Task item =>
From the first line to the last, retype the records exactly without their images.

Supplied data =>
● ● ● ● ●

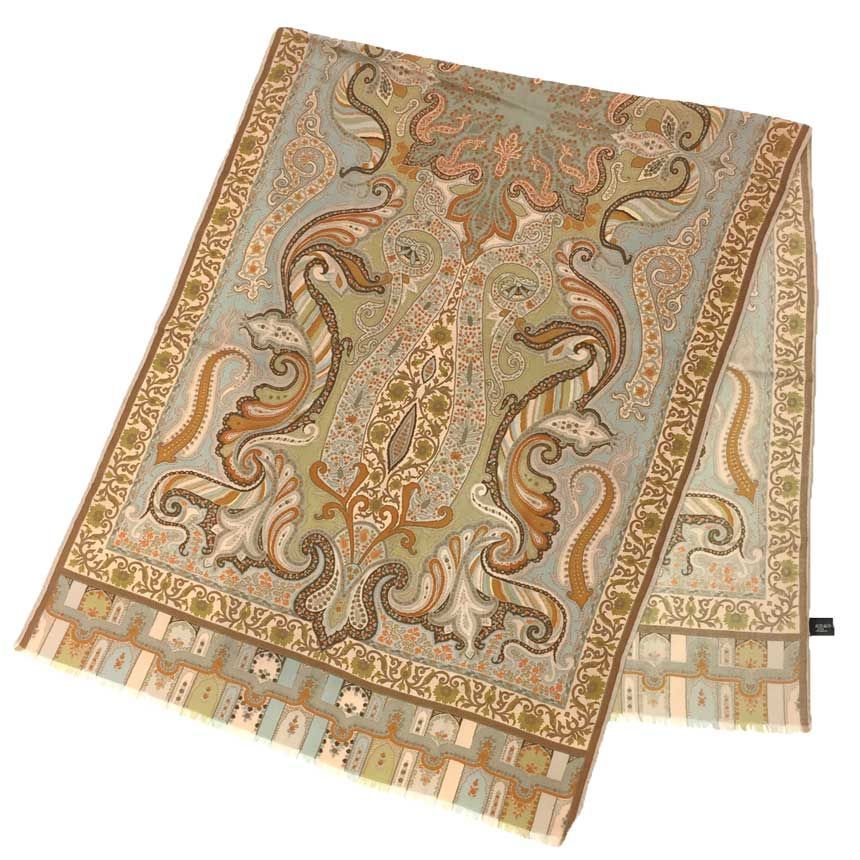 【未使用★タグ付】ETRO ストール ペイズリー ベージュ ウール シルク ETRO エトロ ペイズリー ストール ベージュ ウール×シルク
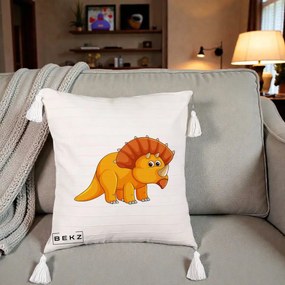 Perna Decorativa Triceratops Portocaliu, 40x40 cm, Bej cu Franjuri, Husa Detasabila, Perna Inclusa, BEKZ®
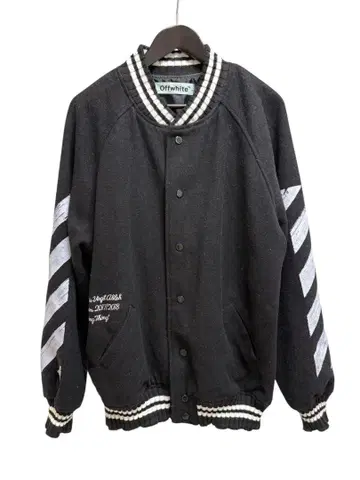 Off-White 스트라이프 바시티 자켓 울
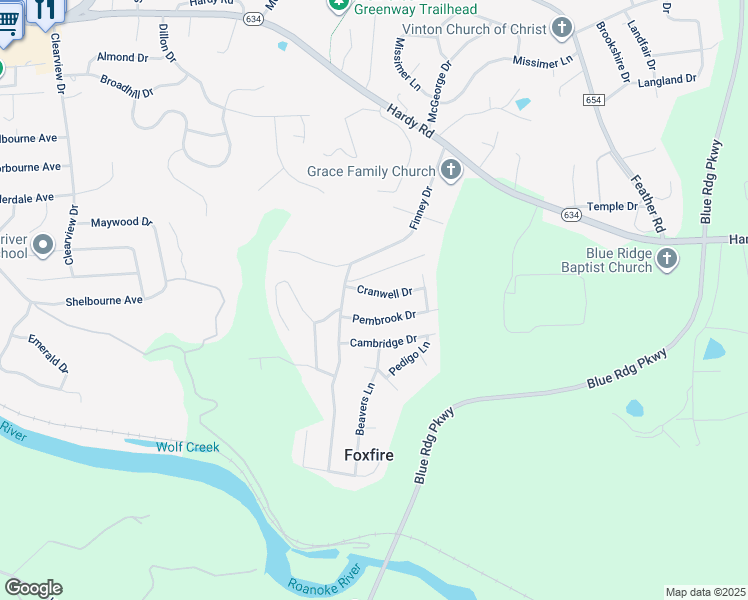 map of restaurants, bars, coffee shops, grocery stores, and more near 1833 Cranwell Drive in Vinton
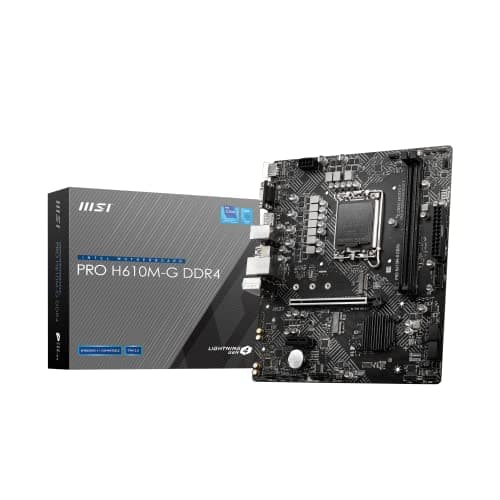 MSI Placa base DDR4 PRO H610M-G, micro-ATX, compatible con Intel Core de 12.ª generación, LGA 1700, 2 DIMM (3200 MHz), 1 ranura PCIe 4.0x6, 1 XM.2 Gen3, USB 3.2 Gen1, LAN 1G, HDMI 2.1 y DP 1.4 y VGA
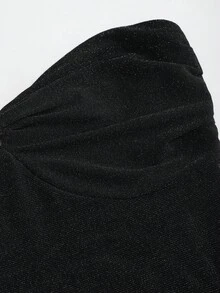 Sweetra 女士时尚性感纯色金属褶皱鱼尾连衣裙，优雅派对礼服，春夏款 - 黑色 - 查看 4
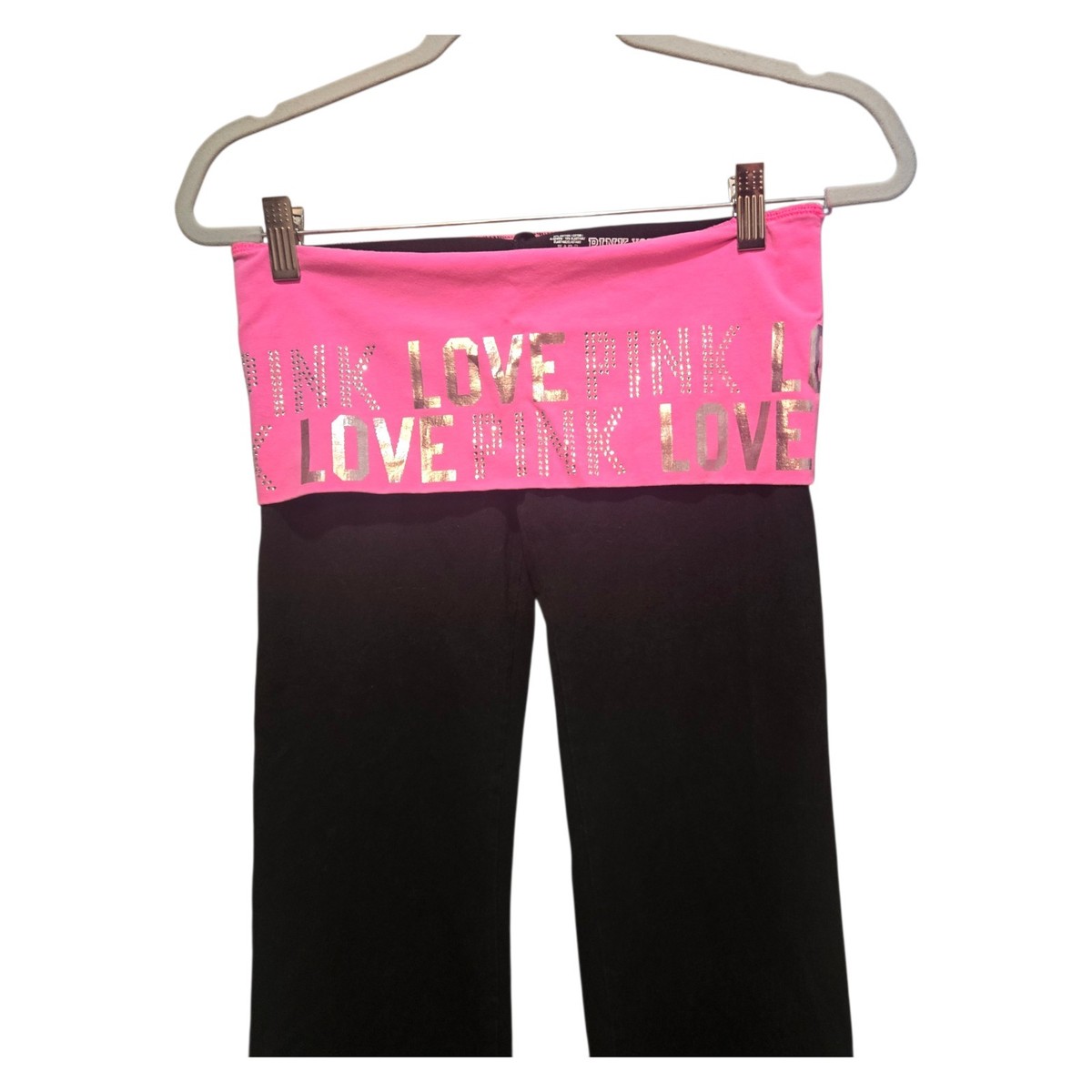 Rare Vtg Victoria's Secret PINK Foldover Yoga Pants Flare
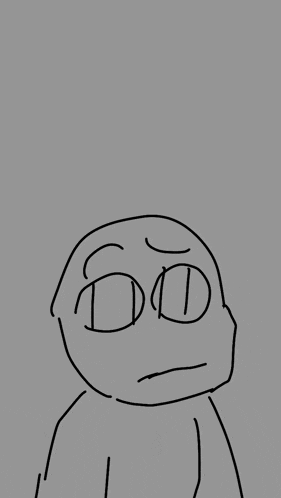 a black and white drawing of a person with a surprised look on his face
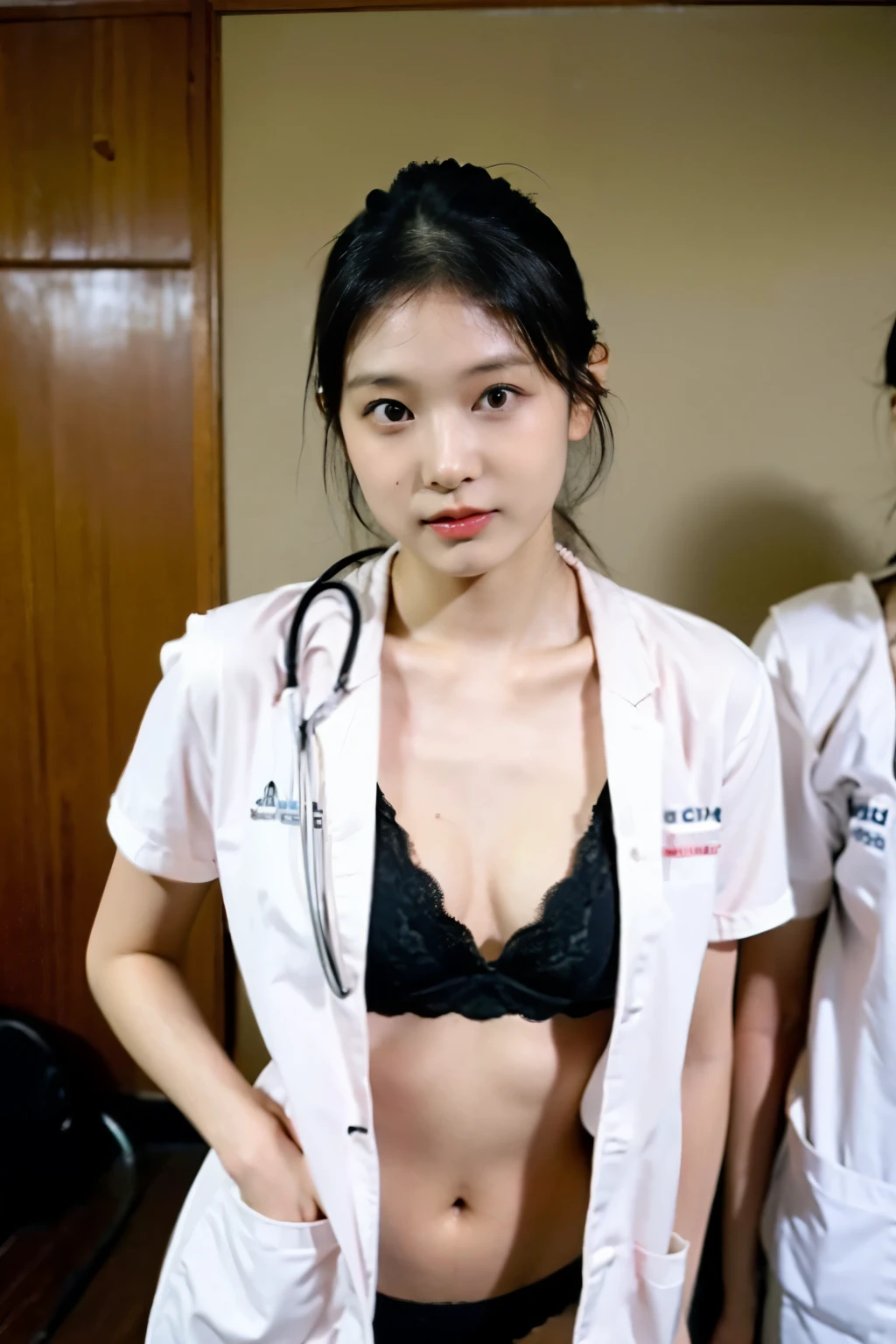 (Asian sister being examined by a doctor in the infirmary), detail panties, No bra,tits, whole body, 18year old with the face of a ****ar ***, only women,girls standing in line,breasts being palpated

● ● ● ● ●

Solution for this problem =>
 【未使用★タグ付】ETRO ストール ペイズリー ベージュ ウール シルク ETRO エトロ ペイズリー ストール ベージュ ウール×シルク
 Perna Decorativa Triceratops Portocaliu, 40x40 cm, Bej cu Franjuri, Husa Detasabila, Perna Inclusa, BEKZ®
 Off-White 스트라이프 바시티 자켓 울
 map of restaurants, bars, coffee shops, grocery stores, and more near 1833 Cranwell Drive in Vinton
 MSI Placa base DDR4 PRO H610M-G, micro-ATX, compatible con Intel Core de 12.ª generación, LGA 1700, 2 DIMM (3200 MHz), 1 ranura PCIe 4.0x6, 1 XM.2 Gen3, USB 3.2 Gen1, LAN 1G, HDMI 2.1 y DP 1.4 y VGA
 Sweetra 女士时尚性感纯色金属褶皱鱼尾连衣裙，优雅派对礼服，春夏款 - 黑色 - 查看 4
 Rare Vtg Victoria's Secret PINK Foldover Yoga Pants Flare
 a black and white drawing of a person with a surprised look on his face
 (Asian sister being examined by a doctor in the infirmary), detail panties, No bra,tits, whole body, 18year old with the face of a ****ar ***, only women,girls standing in line,breasts being palpated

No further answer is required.